Walaupun umat Islam pada saat itu bersikap
demikian, tapi kekerasan terus berdatangan hingga akhirnya nabi Muhammad
Saw. dan pengikutnya memutuskan pindah (hijrah) ke Yatsrib, kota yang
penduduknya sangat majemuk, plural (beragam), ada Yahudi yang terdiri
dari tiga etnis, Bani Quraidhah, Bani Qainuqa dan Bani Nadhir.
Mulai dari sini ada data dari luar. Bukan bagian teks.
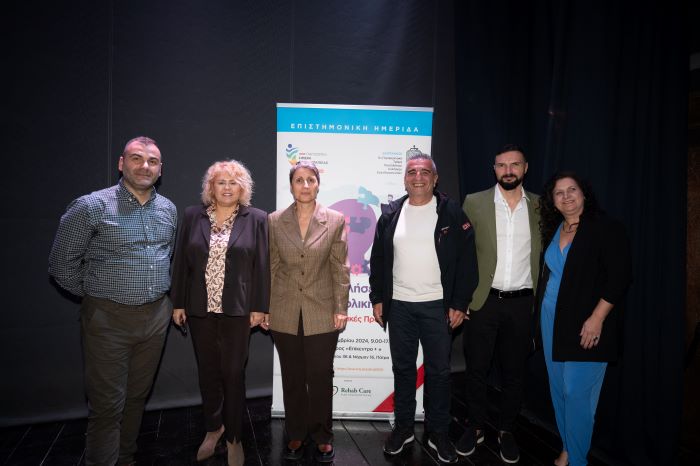 Ισχνή η παρουσία των εργοθεραπευτών στα σχολεία για τη διευκόλυνση μαθητών με μαθησιακά και κινητικά προβλήματα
Ada
Nasrani, Paganis (penyembah berhala), Muslim pribumi (Anshar) dan Muslim migran (Muhajirin).
Oleh karena itu langkah yang pertama kali dilakukan oleh nabi Muhammad
Saw. adalah mengadakan persatuan dan kesatuan dibawah Piagam Madinah (Shahifah Madinah) dimana semua warga bangsa (Yahudi, Nasrani, Musyrik, Muslim) dianggap satu umat (Ummah Wahidah),
semuannya memiliki hak hidup sama, tidak dibeda-bedakan.[19] Sejak
itulah kota Yatsrib namanya diganti menjadi Madinah, penduduknya disebut
Mutamaddin dan sistemnya dikenal dengan Tamaddun. Persaudaraan sesama manusia (Ukhuwwah Basyariyyah)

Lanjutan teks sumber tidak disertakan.